[Saved entries]
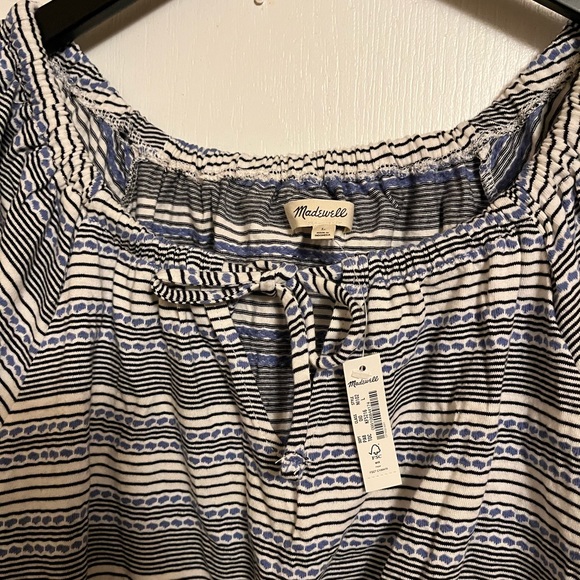NWT Size XL Madewell Jacquard Keyhole Crop Top in Tranquil Ocean - Picture 7 of 11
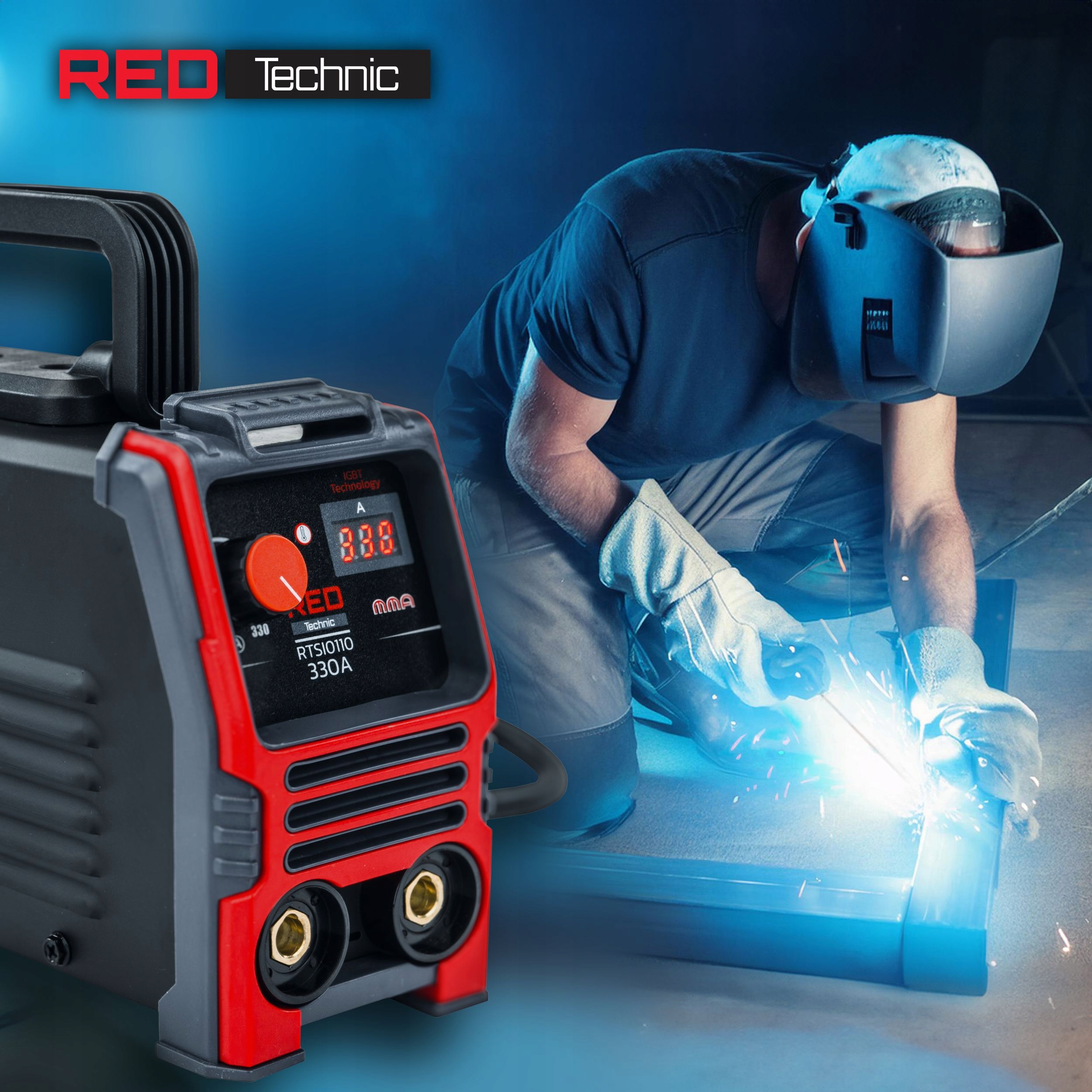 MASINA DE SUDARE INVERTER LCD MMA 330A IGBT HOT START VRD KIT Domeniu de sudare 20-330 A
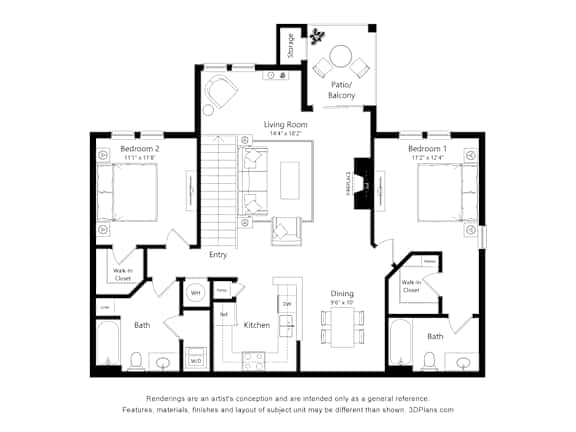 A black and white floor plan of a two bedroom apartment.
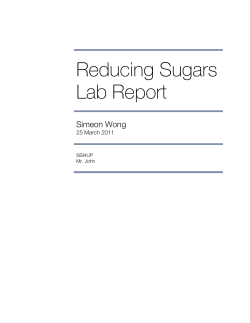 Reducing Sugars Lab Report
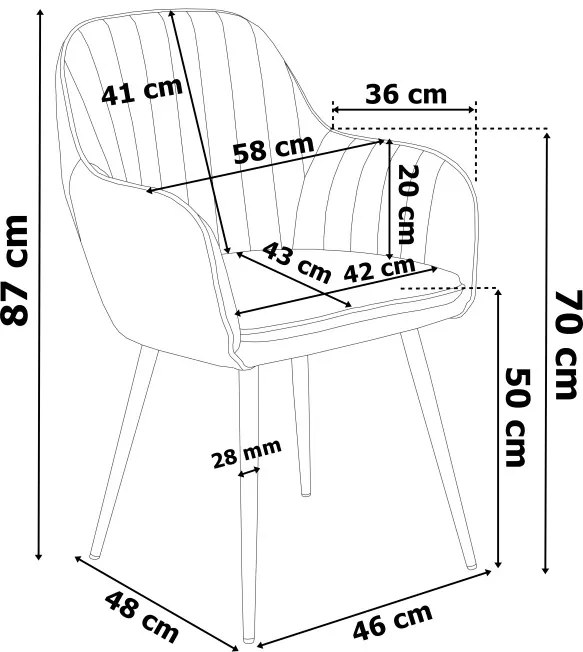 Jedálenská stolička SEVILLA zamatová, grafitová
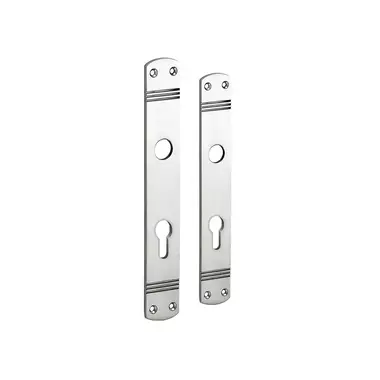 Langschild Art Deco Cilindergat PC72 mat nikkel 225x33 mm met 18 mm krukhals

● WORK TASK
Strip out the images, then output the records above word for word.

● SOLUTION BELOW
NWT Size XL Madewell Jacquard Keyhole Crop Top in Tranquil Ocean - Picture 7 of 11
 MASINA DE SUDARE INVERTER LCD MMA 330A IGBT HOT START VRD KIT Domeniu de sudare 20-330 A
 A black and white floor plan of a two bedroom apartment.
 Reducing Sugars Lab Report
 Jedálenská stolička SEVILLA zamatová, grafitová
 Langschild Art Deco Cilindergat PC72 mat nikkel 225x33 mm met 18 mm krukhals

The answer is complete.